■ To do: Pictures aside, every line of the listing should be given again exactly.

■ Information shown:
◆ ◆ ◆ ◆ ◆ ◆ ◆
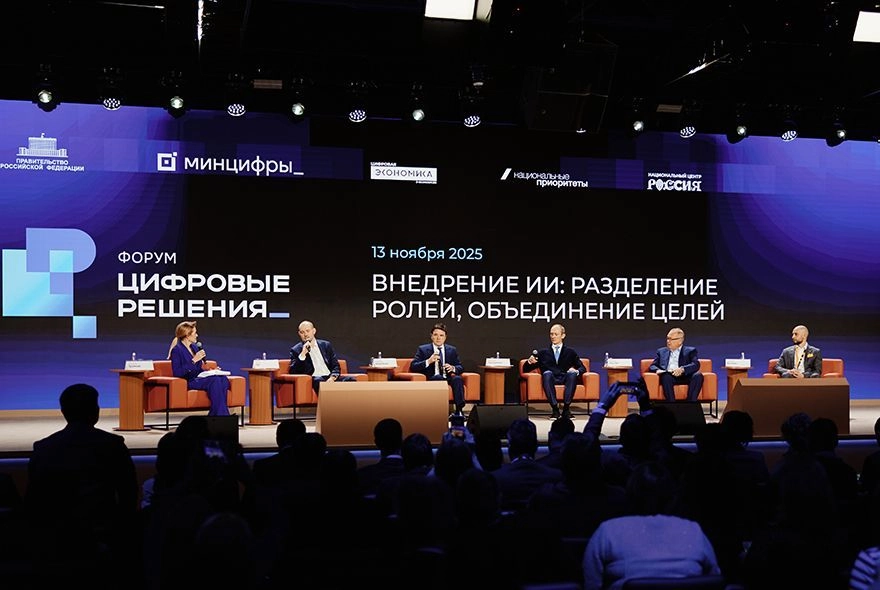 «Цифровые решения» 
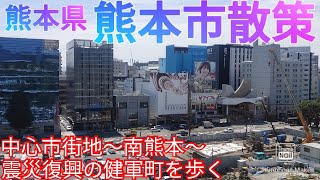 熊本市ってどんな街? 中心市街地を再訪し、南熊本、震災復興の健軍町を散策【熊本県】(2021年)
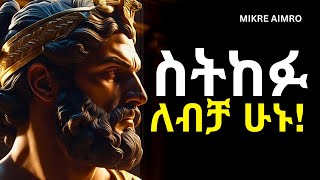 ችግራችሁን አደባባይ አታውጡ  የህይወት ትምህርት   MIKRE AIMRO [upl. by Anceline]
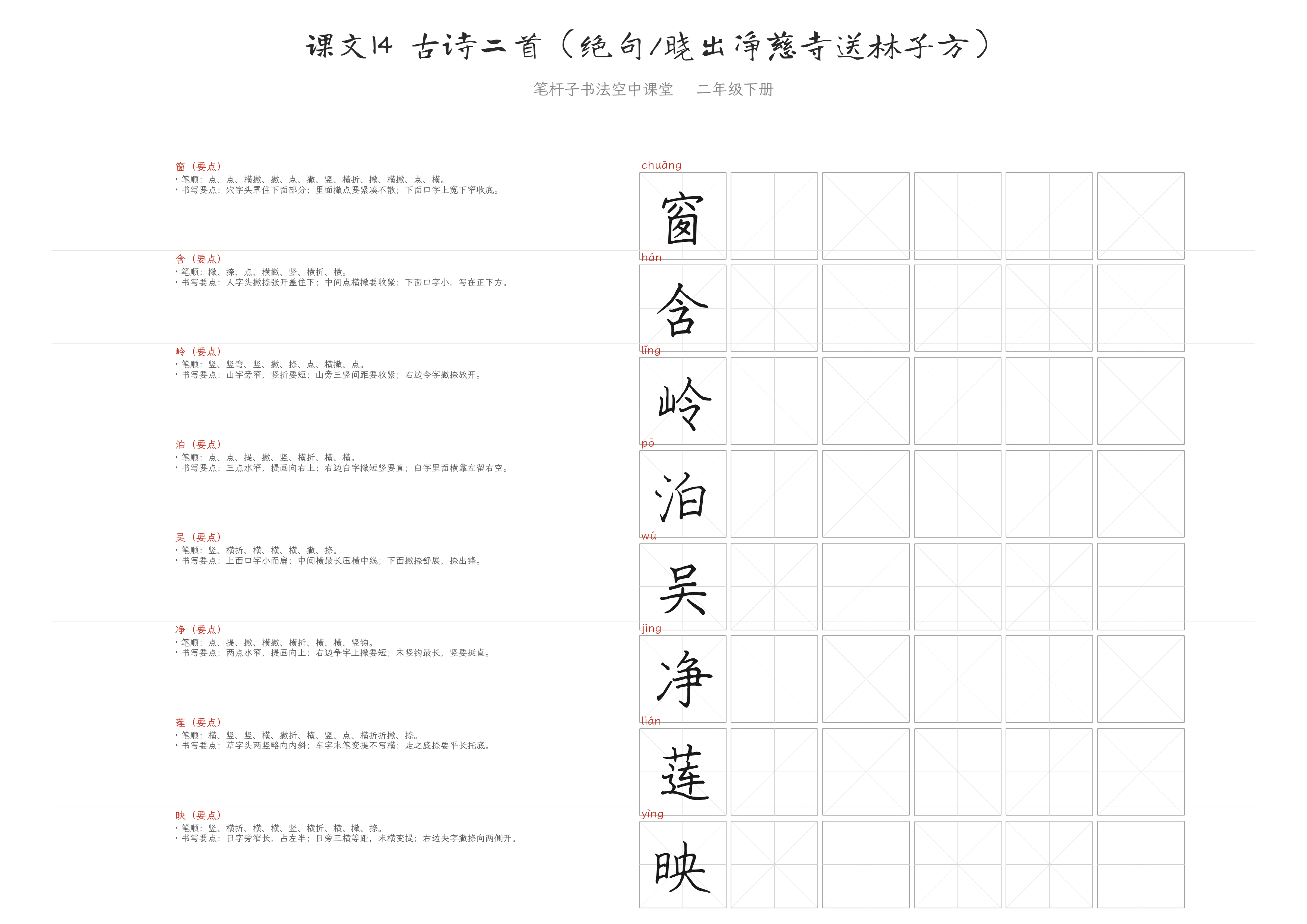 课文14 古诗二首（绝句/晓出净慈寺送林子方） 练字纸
◆ ◆ ◆ ◆ ◆ ◆ ◆
■ Answer box:
 «Цифровые решения» 
 熊本市ってどんな街? 中心市街地を再訪し、南熊本、震災復興の健軍町を散策【熊本県】(2021年)
 ችግራችሁን አደባባይ አታውጡ  የህይወት ትምህርት   MIKRE AIMRO [upl. by Anceline]
 课文14 古诗二首（绝句/晓出净慈寺送林子方） 练字纸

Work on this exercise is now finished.